Flaminio Bertoni aveva sempre desiderato esporre sue opere pittoriche o scultoree alla Triennale, ma ogni suo tentativo cadde nel vuoto e mai i suoi lavori presero parte alla prestigiosa esposizione. Con una preziosa eccezione. Nel 1957, come ogni anno, Bertoni trascorse le sue vacanze estive nella natia Varese, dove vivevano molti suoi amici e maestri. Al momento di tornare a Parigi, decise di fare una piccola deviazione e di visitare la Triennale del 1957, dedicata -tra l’altro- al rapporto tra tecnologia e design ed in particolare al design industriale. Immaginate lo stupore di Flaminio Bertoni nel trovare esposta una sua opera professionale qual era indubbiamente la DS19. La vettura era lì, in cima ad un piedistallo, priva di ruote (Bertoni aveva scherzosamente rimproverato il centro studi per aver “messo le ruote” alla “sua” DS19), carenata, come un’astronave in fase di decollo.
Lui, Bertoni, non sapeva nulla, ma Citroën (pare su invito dello stesso Giò Ponti, il celebre architetto) aveva deciso di arredare una parte del padiglione dedicato alla Francia con questa vettura, la DS19 così esposta dominava un ambiente tappezzato di disegni tecnici, foto ed elementi costruttivi della vettura, come parafanghi, cofani e l’eccezionale volante monorazza. La giuria della Triennale volle inoltre conferire a quell’automobile che sembrava arrivare da un altro pianeta uno specialissimo riconoscimento: il “diploma di gran merito”, sottoscritto personalmente dal professor Guglielmo De Angelis D’Ossat, presidente della giuria superiore e da Ivan Matteo Lombardo, Presidente della Triennale.
La presenza della DS19 in Triennale non era del tutto inattesa: già nel gennaio del 1957, in occasione di una sua visita a Parigi, l’architetto Giò Ponti aveva pronunciato queste parole: “Voglio sottolineare l’ammirazione che noi altri, italiani, proviamo per l’ultima nata tra le vetture francesi: la DS19. Questa vettura ha il coraggio d’essere una macchina sincera. Lei non cerca, come i prodotti di scuola americana, di sedurre l’acquirente con garbugli policromi, abbondanza di cromature, sforzi per mascherare tutto. La scuola europea segue la tecnica.”

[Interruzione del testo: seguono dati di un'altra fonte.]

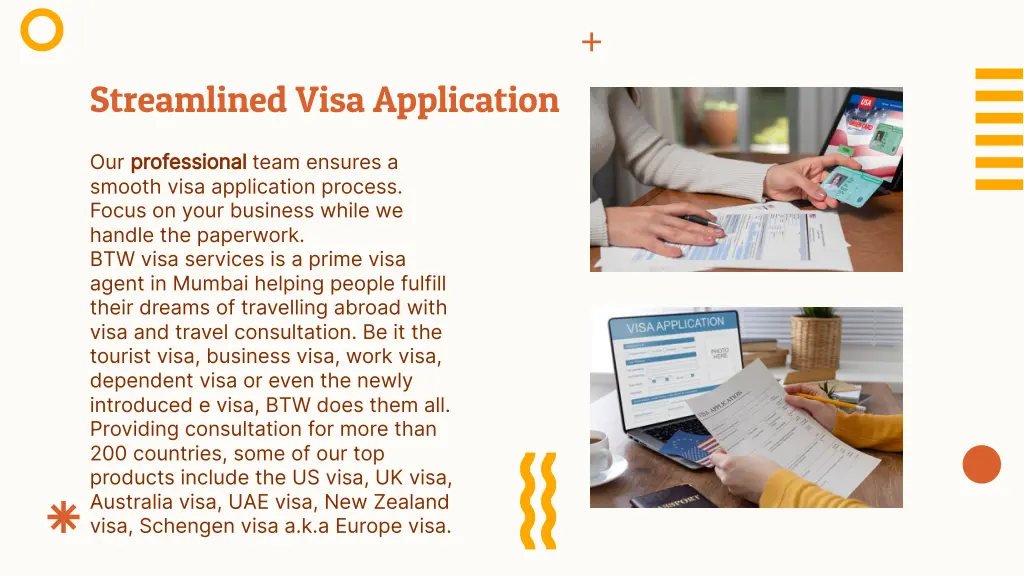 streamlined visa application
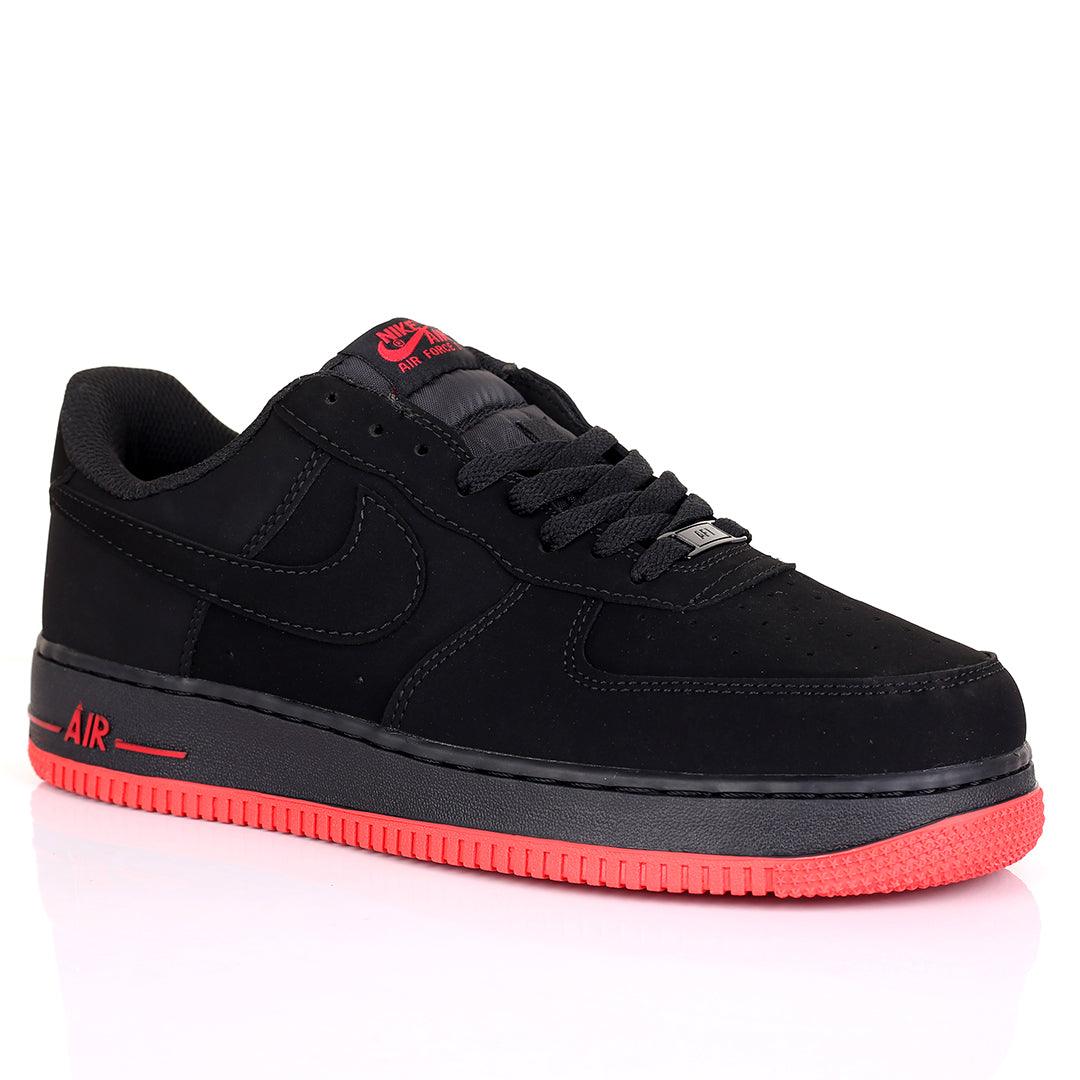 NK Force AJ7747-1000 Black suede Men's Sneakers - Obeezi.com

In queste parole del grande architetto milanese si possono già leggere le ragioni che portarono la giuria della Triennale a premiare la DS19: estetica non fine a sé stessa, ma forme funzionali, ergonomiche ed equilibrate. La DS19 è bella perché è funzionale o, per dirla con Pierre Capal di “Constellation”, “la vettura funzionale, razionale, ha trovato una sua estetica”. Un premio di questa importanza, assegnato per la prima volta ad un’automobile, portò a delle conseguenze: per prima cosa, la DS19 venne esposta nella stessa maniera a vari eventi internazionali ed anche nella vetrina-cult della Marca, al 42 degli Champs Elysées. Poi nel 1959 Citroën donò alla più importante e prestigiosa istituzione italiana legata alla storia dell’automobile, ovvero il Museo dell’Auto di Torino, la maquette di una DS19 su un piedistallo simile a quello della Triennale.
L’auto non ha mai più lasciato le belle sale del Museo dell’Auto italiano e oggi ha ritrovato anche un piedistallo simile all’originale dove fa bella mostra di sé. In onore agli uomini geniali che la pensarono e la costruirono tra cui spicca, indimenticabile, il genio italiano di Flaminio Bertoni.